WHAT THIS TASK INVOLVES
Repeat the listing below exactly as given.

DATA SUPPLIED

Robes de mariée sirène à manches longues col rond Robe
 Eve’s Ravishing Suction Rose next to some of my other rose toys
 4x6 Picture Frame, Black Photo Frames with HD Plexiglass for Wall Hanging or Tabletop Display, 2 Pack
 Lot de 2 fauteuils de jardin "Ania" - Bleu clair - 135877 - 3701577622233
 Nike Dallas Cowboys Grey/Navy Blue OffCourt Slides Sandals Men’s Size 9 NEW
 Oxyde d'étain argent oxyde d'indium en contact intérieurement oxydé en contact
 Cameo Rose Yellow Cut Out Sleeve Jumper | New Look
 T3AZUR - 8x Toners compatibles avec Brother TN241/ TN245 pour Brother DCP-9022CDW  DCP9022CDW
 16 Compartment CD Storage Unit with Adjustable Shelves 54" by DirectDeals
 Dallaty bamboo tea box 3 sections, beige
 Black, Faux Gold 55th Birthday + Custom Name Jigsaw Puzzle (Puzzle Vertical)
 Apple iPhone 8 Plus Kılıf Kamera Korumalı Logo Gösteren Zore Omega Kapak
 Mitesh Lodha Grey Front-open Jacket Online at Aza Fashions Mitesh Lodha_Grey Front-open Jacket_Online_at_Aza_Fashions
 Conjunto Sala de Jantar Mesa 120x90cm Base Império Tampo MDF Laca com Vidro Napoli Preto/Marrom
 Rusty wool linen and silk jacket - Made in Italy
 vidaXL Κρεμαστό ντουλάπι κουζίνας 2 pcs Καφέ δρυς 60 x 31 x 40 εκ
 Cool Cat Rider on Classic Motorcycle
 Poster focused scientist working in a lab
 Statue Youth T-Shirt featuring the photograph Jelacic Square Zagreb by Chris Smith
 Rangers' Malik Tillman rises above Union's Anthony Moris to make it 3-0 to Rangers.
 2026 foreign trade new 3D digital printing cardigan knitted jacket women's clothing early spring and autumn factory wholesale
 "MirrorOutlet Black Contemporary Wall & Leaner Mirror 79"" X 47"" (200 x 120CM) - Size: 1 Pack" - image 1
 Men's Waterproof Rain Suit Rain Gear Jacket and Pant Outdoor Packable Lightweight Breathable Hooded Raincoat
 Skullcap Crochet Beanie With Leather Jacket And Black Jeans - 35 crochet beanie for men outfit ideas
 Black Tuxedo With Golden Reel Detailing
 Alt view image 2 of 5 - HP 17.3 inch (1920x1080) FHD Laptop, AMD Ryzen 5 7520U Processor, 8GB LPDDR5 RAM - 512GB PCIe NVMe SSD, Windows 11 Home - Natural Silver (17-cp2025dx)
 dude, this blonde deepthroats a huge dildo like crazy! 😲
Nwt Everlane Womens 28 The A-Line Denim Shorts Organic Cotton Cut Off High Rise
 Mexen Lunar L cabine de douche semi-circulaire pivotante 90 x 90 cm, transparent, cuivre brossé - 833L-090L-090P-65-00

REPLY
Robes de mariée sirène à manches longues col rond Robe
 Eve’s Ravishing Suction Rose next to some of my other rose toys
 4x6 Picture Frame, Black Photo Frames with HD Plexiglass for Wall Hanging or Tabletop Display, 2 Pack
 Lot de 2 fauteuils de jardin "Ania" - Bleu clair - 135877 - 3701577622233
 Nike Dallas Cowboys Grey/Navy Blue OffCourt Slides Sandals Men’s Size 9 NEW
 Oxyde d'étain argent oxyde d'indium en contact intérieurement oxydé en contact
 Cameo Rose Yellow Cut Out Sleeve Jumper | New Look
 T3AZUR - 8x Toners compatibles avec Brother TN241/ TN245 pour Brother DCP-9022CDW  DCP9022CDW
 16 Compartment CD Storage Unit with Adjustable Shelves 54" by DirectDeals
 Dallaty bamboo tea box 3 sections, beige
 Black, Faux Gold 55th Birthday + Custom Name Jigsaw Puzzle (Puzzle Vertical)
 Apple iPhone 8 Plus Kılıf Kamera Korumalı Logo Gösteren Zore Omega Kapak
 Mitesh Lodha Grey Front-open Jacket Online at Aza Fashions Mitesh Lodha_Grey Front-open Jacket_Online_at_Aza_Fashions
 Conjunto Sala de Jantar Mesa 120x90cm Base Império Tampo MDF Laca com Vidro Napoli Preto/Marrom
 Rusty wool linen and silk jacket - Made in Italy
 vidaXL Κρεμαστό ντουλάπι κουζίνας 2 pcs Καφέ δρυς 60 x 31 x 40 εκ
 Cool Cat Rider on Classic Motorcycle
 Poster focused scientist working in a lab
 Statue Youth T-Shirt featuring the photograph Jelacic Square Zagreb by Chris Smith
 Rangers' Malik Tillman rises above Union's Anthony Moris to make it 3-0 to Rangers.
 2026 foreign trade new 3D digital printing cardigan knitted jacket women's clothing early spring and autumn factory wholesale
 "MirrorOutlet Black Contemporary Wall & Leaner Mirror 79"" X 47"" (200 x 120CM) - Size: 1 Pack" - image 1
 Men's Waterproof Rain Suit Rain Gear Jacket and Pant Outdoor Packable Lightweight Breathable Hooded Raincoat
 Skullcap Crochet Beanie With Leather Jacket And Black Jeans - 35 crochet beanie for men outfit ideas
 Black Tuxedo With Golden Reel Detailing
 Alt view image 2 of 5 - HP 17.3 inch (1920x1080) FHD Laptop, AMD Ryzen 5 7520U Processor, 8GB LPDDR5 RAM - 512GB PCIe NVMe SSD, Windows 11 Home - Natural Silver (17-cp2025dx)
 dude, this blonde deepthroats a huge dildo like crazy! 😲
Nwt Everlane Womens 28 The A-Line Denim Shorts Organic Cotton Cut Off High Rise
 Mexen Lunar L cabine de douche semi-circulaire pivotante 90 x 90 cm, transparent, cuivre brossé - 833L-090L-090P-65-00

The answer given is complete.